Selon les dires de ma mère, à l’heure où la mort est vouée à entrer en scène avec pour seule partenaire sa faux à la main, la dernière volonté d’un vieil homme aigri est en majorité pareille à celles d'autres vieux hommes aigris.

« Joseph, je vais t'avouer un secret.

— Vraiment ! Chouette alors ! Dis-je surexcité.

— Et puis non ! Je vais te dire tout haut ce que les gens pensent tout bas, dit-elle sarcastique. Ce qui était plutôt comique puisqu'aucun mot ne sortait de sa bouche. La langue des signes avait ses limites à la taquinerie, pensais-je.

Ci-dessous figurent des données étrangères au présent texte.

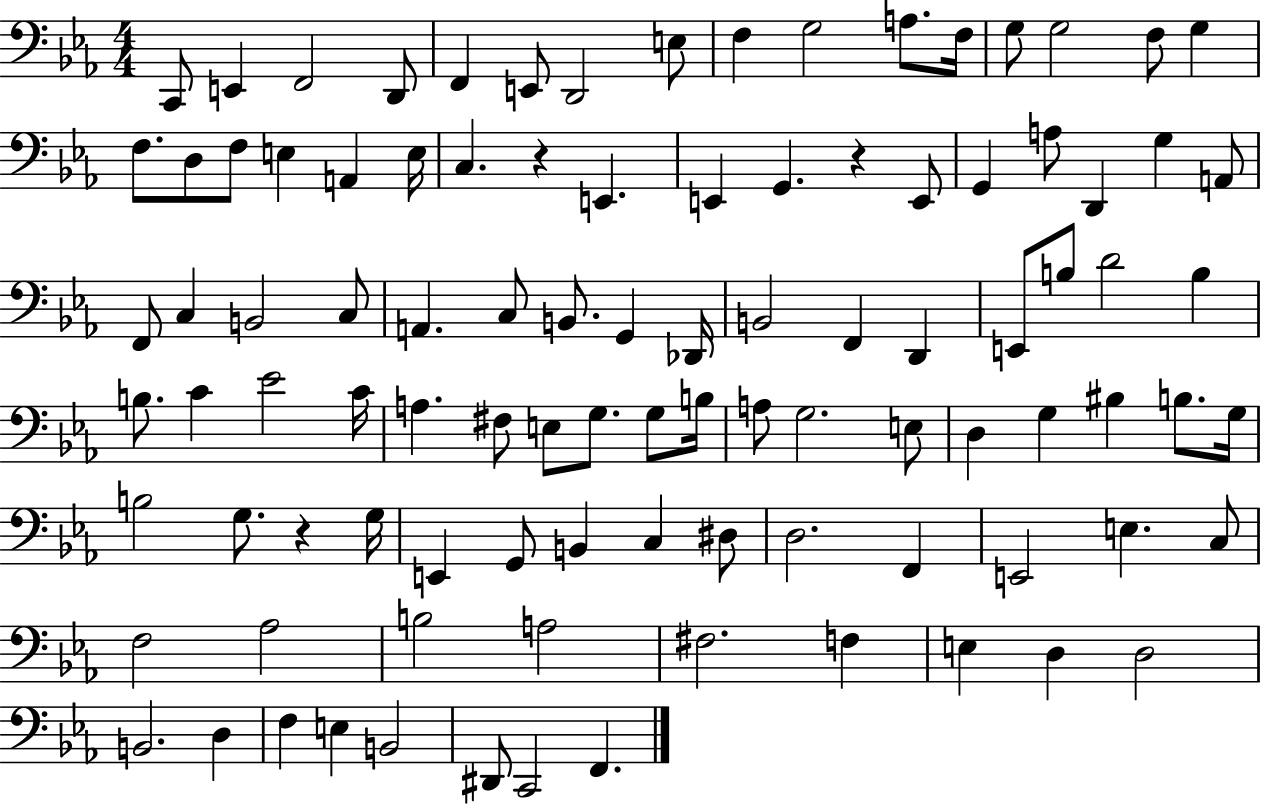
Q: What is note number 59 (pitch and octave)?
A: A3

"Quoi, alors ? " Dis-je nonchalamment, moi qui, attablé dans la salle à manger, me régalais d’une soupe aux courgettes.

— Éh bien ! Voyons un peu...Voilà ! Je mettrai ma main à couper qu’au crépuscule de la vie d’un vieil homme que celle-ci a dégouté, je jure devant Dieu que celui-ci n’a qu'une seule volonté avant de mourir.

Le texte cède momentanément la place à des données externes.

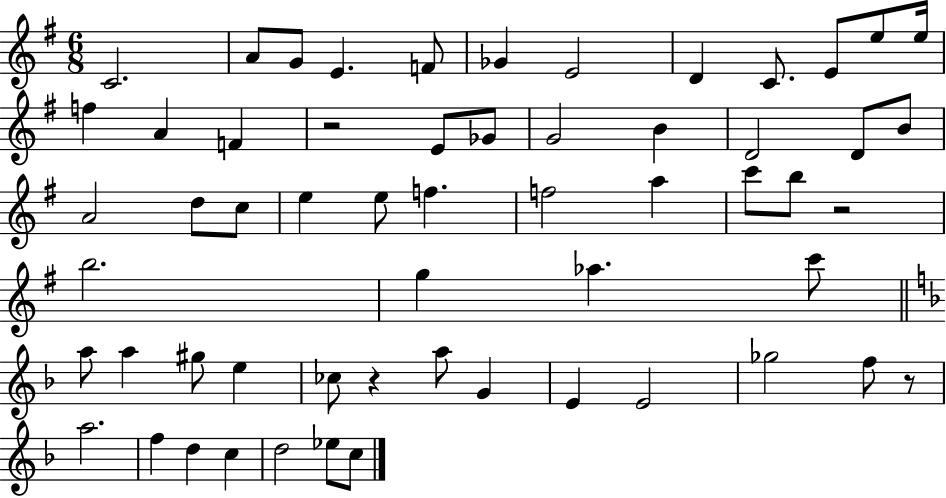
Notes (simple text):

— Mmm, mmm ! ...Laquelle ?

— Hé bien, celle de soulager son âme, pardi. Et sais-tu comment ?

— Non.

— En récitant la phrase suivante : "Qui que vous soyez, quoi que vous soyez, entendez ma prière et donnez-moi le courage de mourir ", et sais-tu pourquoi ?

— Non.

— Parce qu'il a peur, Joseph. À l'instar d'un élève studieux, la mort a pour devoir d’obscurcir ses derniers jours en le terrifiant d'une trouille bleue.

— Vraiment ?

— Assurément Joseph. La mort, dans sa perfide entité, parvient à lui montrer le visage de celui qu'il n'a jamais su être. Et cela afin qu’il réalise qu’en aucun cas il ne su tenir les rennes de sa vie. Et sais-tu pourquoi ?

— Non.

— Afin que les remords le rongent, voilà pourquoi. Comme il n’a jamais été en mesure de vivre à la hauteur de ses plus tenaces volontés, bref, de ses désirs les plus vitaux, son seul salut est d’émettre des regrets afin qu’on ait pitié de lui en se posant comme une victime envers sa miséricorde destinée et de l’impitoyable vérité. Voilà pourquoi ! "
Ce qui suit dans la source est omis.